But because God is always faithful to His promises, He will not forget Israel completely. He first gives the people a king according to their own desires – Saul, a tall and handsome man – but an ungodly king. In time, God replaces Saul with David, a man after God’s own heart. 1 & 2 Samuel could be called, “A Tale of Two Kings.” We see the stark contrast between the first type of king, Saul, esteemed in the eyes of men, and the second, David, the anointed of the Lord.
1 Samuel (Conclusion) Even though the Lord had commanded Israel not to associate with those who summon spirits (Deuteronomy 18:11), Saul seeks the words of Samuel’s dead spirit. God mysteriously allows this and Samuel predicts that Saul and his sons will join him in death the very next day.

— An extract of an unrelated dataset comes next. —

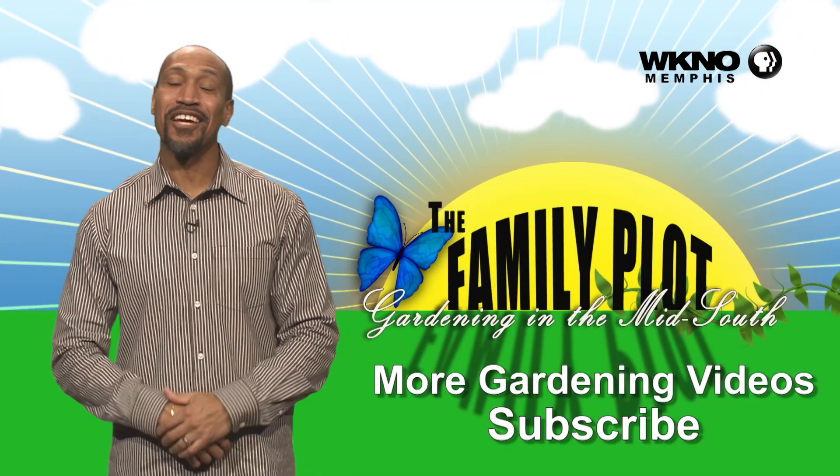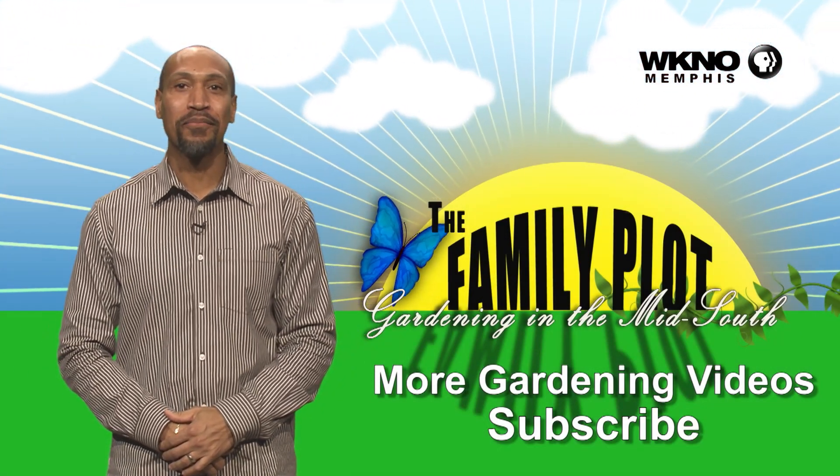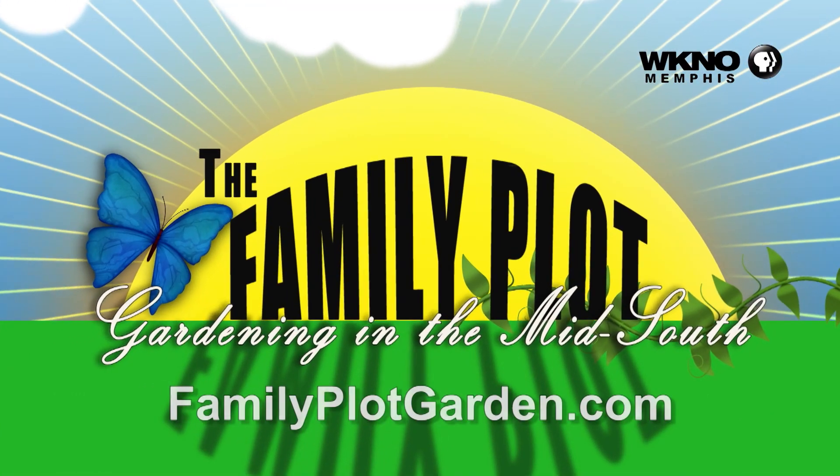Thanks for watching. If you liked it, subscribe. We have hundreds of Family Plot videos for you to view.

As anticipated, the Philistines overwhelm Saul and the first king of Israel meets his end.
2 Samuel The first six chapters of 2 Samuel describe the transition between the houses of Saul and David. These crescendo in a series of victories for David and God’s promise in 2 Samuel 7 that David’s “throne will be established forever,” a messianic promise anticipating the King of Kings to come from David’s line.
1 Kings In 1 & 2 Kings David becomes the measuring rod for what it means to be a faithful king. As Solomon begins his reign the Lord says, “If you walk in obedience to me and keep my decrees and commands as David your father did, I will give you a long life.” Sadly, this is an enormous if. In the end, keeping the decrees of the Lord would prove too difficult for Israel’s kings.
Their wickedness increases generation after generation to the point that even a prophet like Elijah is run off by King Ahab. In this story, Elijah cries out to the Lord in anguish because he believes he is the last worshiper of the true God left in Israel.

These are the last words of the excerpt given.